Tras el asesinato de Canalejas el conservador Eduardo Dato subió al poder y se produjo una nueva división tanto en el Partido Liberal como en el Conservador. Esto impidió llegar a acuerdos en el turno de partidos, por lo que entre 1913 y 1917 los sucesivos gobiernos cerraron las Cortes y gobernaron por decreto. Las consecuencias de la I Guerra Mundial aceleraron la descomposición del sistema: la neutralidad favoreció la demanda de productos españoles en el exterior, pero la expansión perjudicó a las clases populares por la inflación. El deterioro del nivel de vida aumentó la conflictividad social que estalló en 1917, dando lugar a una crisis general con carácter militar, político y social.

Crisis de 1917

Crisis militar: El ejército presentaba exceso de oficiales en relación con soldados; los ascensos por méritos de guerra beneficiaban a los destinados en África. La inflación redujo el valor real de los salarios. Surgieron las Juntas de Defensa, que reclamaban mejoras y cambios en criterios de ascenso.

Crisis política: Tras el gobierno conservador de Dato, volvió un gobierno liberal que cerró las Cortes. Surgió en Barcelona una asamblea de parlamentarios, impulsada por la Lliga Regionalista, que exigió un gobierno provisional para reformar el sistema y descentralizar el Estado; la asamblea fue disuelta por la Guardia Civil.

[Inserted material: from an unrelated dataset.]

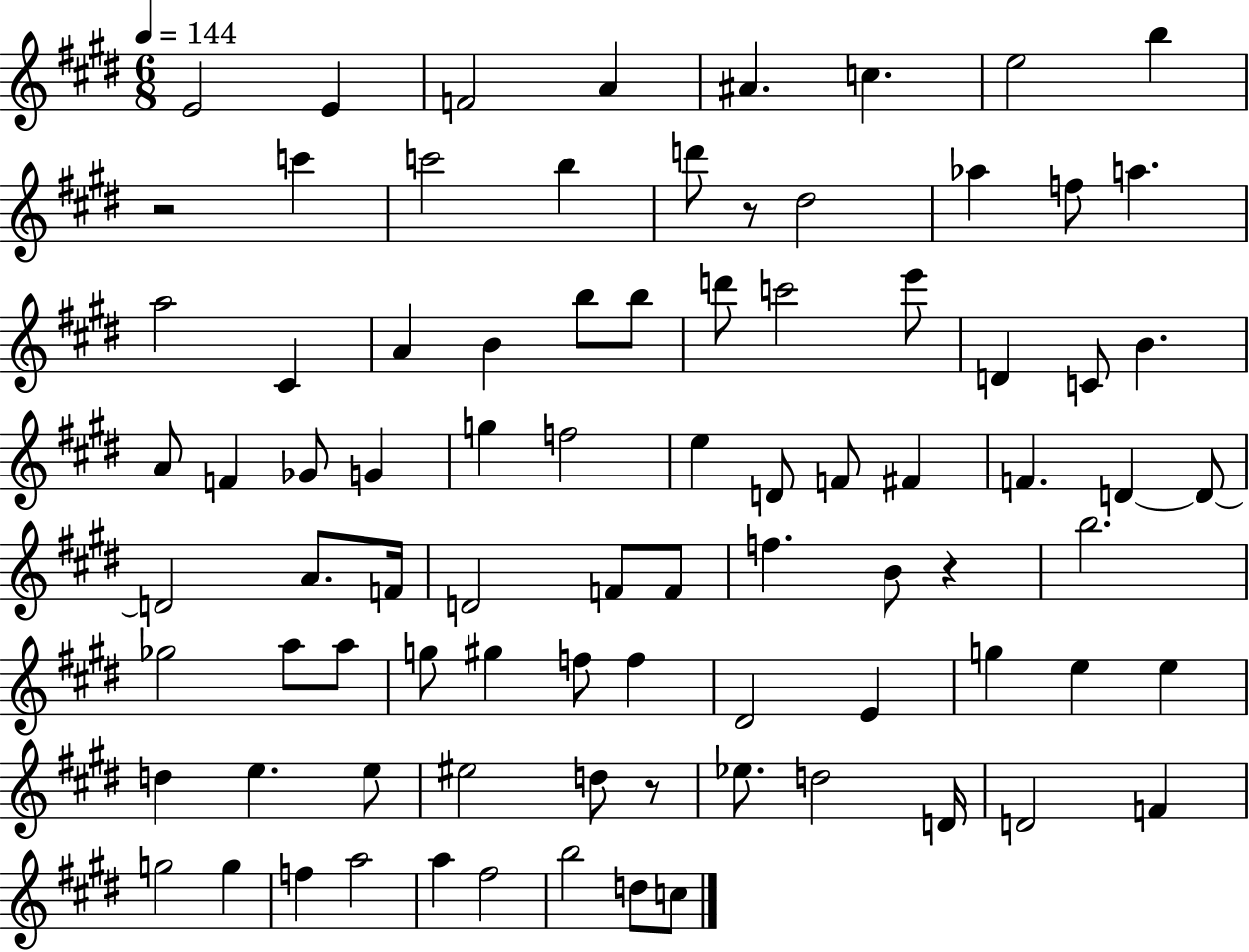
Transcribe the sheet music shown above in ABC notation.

Crisis social: La I Guerra Mundial provocó subidas de precios mientras salarios estancados; la UGT y la CNT convocaron una huelga general en agosto que adquirió carácter político y revolucionario. La reacción gubernamental fue represiva; la huelga fracasó pero debilitó aún más al régimen.

Descomposición del sistema

Tras la detención de Dato en 1917 surgieron gobiernos de concentración (conservadores, liberales y la Lliga Regionalista), poniendo fin al turno de partido. Las diferencias internas impidieron la reforma y el restablecimiento del orden social. Creció la afiliación sindical y la conflictividad laboral se radicalizó; los patronos contrataron pistoleros contra dirigentes obreros, y la llamada «Ley de Fugas» aumentó la violencia, originando el fenómeno del pistolerismo.

La campaña militar en Marruecos, y la derrota en Annual, ocasionaron una gran crisis: pérdida de territorio, desprestigio del ejército e impopularidad del gobierno.

Conclusión

El problema colonial en Marruecos y el impacto de la I Guerra Mundial agudizaron los conflictos, que estallaron en los sucesos de 1917. La incapacidad del sistema de la Restauración para renovarse y democratizarse propició la solución militar: la conspiración que culminó con el golpe de Estado del general Primo de Rivera en 1923 e implantó una dictadura militar.